The chemotherapeutic component of vintafolide is a type of vinca alkaloid taken up only by cancer cells. For the treatment of patients with platinum-resistant ovarian cancer, vintafolide is combined with Doxil® (pegylated liposomal doxorubicin). The firm says the drug combination increases the likelihood of killing cancer cells, since treating tumors with more than one drug makes it harder for cancer cells to develop resistance.
“Vintafolide’s toxicity profile gives us great flexibility to combine it with other drugs,” says Ellis. Many other drugs cannot be combined because their additive toxicities are too dangerous for clinical use.
Vintafolide was tested in an international, multicenter Phase II trial of 149 women with platinum-resistant ovarian cancer.
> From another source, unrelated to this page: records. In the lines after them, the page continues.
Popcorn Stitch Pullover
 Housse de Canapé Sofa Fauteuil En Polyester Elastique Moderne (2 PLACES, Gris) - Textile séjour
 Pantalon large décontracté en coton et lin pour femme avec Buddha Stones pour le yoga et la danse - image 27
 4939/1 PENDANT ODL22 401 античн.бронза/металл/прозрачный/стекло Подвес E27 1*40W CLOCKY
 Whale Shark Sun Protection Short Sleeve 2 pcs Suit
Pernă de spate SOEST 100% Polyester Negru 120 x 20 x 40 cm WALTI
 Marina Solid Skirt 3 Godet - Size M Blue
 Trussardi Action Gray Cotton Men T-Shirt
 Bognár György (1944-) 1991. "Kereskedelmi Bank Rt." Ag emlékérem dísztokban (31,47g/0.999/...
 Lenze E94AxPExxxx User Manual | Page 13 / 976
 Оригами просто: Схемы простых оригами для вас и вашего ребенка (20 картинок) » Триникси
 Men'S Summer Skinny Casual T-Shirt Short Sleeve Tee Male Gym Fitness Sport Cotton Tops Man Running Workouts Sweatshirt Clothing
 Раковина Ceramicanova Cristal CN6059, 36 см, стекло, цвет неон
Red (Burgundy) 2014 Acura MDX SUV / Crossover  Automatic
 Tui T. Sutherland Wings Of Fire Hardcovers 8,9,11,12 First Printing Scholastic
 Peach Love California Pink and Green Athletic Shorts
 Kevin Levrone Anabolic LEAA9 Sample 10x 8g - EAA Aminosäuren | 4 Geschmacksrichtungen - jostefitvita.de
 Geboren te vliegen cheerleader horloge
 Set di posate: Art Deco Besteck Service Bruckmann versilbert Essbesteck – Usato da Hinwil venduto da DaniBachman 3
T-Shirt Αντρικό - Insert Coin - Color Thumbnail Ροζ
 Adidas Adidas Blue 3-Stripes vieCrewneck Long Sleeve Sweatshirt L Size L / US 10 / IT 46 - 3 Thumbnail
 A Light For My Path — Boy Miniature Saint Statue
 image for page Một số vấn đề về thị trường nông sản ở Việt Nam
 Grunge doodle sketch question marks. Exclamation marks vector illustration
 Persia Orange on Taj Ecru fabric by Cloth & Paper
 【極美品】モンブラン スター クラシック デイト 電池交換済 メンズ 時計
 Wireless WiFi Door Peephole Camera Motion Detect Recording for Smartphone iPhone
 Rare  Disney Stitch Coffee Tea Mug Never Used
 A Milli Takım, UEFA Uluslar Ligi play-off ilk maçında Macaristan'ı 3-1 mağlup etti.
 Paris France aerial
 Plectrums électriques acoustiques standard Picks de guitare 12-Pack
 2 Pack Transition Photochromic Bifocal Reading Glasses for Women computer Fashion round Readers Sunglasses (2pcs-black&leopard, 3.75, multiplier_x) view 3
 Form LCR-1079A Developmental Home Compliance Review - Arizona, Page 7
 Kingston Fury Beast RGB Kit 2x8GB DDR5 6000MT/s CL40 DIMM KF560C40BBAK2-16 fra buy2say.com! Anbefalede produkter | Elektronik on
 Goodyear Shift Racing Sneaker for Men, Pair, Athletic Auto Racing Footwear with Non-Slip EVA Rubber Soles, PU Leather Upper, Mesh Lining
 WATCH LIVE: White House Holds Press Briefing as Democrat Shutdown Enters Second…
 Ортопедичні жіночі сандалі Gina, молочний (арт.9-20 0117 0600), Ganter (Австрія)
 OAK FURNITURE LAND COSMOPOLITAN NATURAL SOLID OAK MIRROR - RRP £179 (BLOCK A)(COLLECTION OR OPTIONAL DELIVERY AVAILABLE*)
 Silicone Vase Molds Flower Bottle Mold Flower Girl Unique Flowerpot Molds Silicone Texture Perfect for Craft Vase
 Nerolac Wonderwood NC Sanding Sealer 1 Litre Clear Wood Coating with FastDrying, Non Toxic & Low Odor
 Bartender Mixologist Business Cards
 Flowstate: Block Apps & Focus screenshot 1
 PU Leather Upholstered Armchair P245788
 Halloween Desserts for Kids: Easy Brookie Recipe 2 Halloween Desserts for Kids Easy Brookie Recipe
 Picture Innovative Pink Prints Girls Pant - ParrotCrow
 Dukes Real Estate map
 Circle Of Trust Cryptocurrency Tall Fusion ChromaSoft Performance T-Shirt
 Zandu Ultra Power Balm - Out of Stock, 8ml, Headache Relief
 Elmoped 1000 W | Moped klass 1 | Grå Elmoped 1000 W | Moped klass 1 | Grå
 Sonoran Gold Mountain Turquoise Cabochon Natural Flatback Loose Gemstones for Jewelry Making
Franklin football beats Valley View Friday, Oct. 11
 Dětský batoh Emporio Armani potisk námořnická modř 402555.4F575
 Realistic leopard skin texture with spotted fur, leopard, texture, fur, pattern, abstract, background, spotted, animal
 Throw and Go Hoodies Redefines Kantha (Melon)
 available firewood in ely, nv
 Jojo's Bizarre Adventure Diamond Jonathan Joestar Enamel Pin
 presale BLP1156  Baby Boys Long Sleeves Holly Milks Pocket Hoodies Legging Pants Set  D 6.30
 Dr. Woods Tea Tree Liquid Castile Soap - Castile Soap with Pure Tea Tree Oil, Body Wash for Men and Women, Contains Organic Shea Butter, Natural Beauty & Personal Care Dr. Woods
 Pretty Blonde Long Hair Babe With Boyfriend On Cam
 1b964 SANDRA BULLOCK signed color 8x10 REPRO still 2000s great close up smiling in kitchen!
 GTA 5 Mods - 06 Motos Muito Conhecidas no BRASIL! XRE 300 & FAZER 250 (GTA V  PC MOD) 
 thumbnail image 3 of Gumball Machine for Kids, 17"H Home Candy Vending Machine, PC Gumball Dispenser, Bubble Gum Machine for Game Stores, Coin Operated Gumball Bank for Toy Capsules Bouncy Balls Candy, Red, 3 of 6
Patients received vintafolide plus Doxil or Doxil alone until either disease progression or death. The primary endpoint was progression-free survival. Patients taking vintafolide plus Doxil had a median progression free survival of 5 months, compared to 2.7 months for patients receiving Doxil alone.
However, in patients who tested the most positive for a specific folate receptor, the delayed progression-free survival increased from 1.5 months to 5.5, or 260%. “If you don’t have the receptor, the drug doesn’t work as well. That’s a remarkable result,” says Ellis. A Phase III trial of vintafolide in platinum-resistant ovarian cancer is under way, as well as a Phase II/III trial of vintafolide in non-small-cell lung cancer.
The folate receptor that predicted patient response to vintafolide was identified with etarfolatide, the companion molecular imaging agent designed to screen patients who are likely to respond. “Our development strategy is to start with a diagnostic to assess quickly and easily which tissues and organs a chemotherapy drug will target,” says Ellis.
More importantly, tumors in patients are assessed to see if they contain the folate receptor. Tumor cells that highly express the folate receptor are more likely to be killed by the targeted therapy.
The EMA granted vintafolide the equivalence of orphan drug status in March 2012, because the drug shows exciting early results in patient populations that do not have effective treatments. “There’s probably no other cancer more in need of an effective treatment than platinum-resistant ovarian cancer,” says Ellis.
SMDCs for other types of cancer are made by attaching different drugs, or warheads, to the folate ligand. All the warheads are drugs discovered elsewhere that proved too toxic alone in patients. The revived drugs fall into well-known classes of cancer therapies, such as platinums, microtubule destablizers, and vinca alkaloids, and are highly prescribed worldwide. By attaching them to folate, “we’re designing versions that are a thousand to a million times more potent, yet less toxic,” says Ellis.
Endocyte researchers also can replace folate with a different targeting ligand to attach to other receptors. One drug candidate targets a different receptor on prostate cancer cells, which generally do not express folate receptors. A companion diagnostic confirms that this drug targets prostate tumors. “We can make our therapies modular by changing the warhead or ligand to create a different drug,” says Ellis.
Another program targets activated macrophages, an important cell type in inflammatory diseases like rheumatoid arthritis, Crohn’s disease, and psoriasis. Endoctye has a drug that knocks out, or deactivates, these activated macrophages. Imaging data show that the drug targets human-activated macrophages, and results from animal studies are encouraging.
Endocyte intends to develop and market some of its products by itself. The firm is also open to collaborations with companies that have a proprietary drug that could be made more potent or less toxic by attaching it to folate or another appropriate ligand.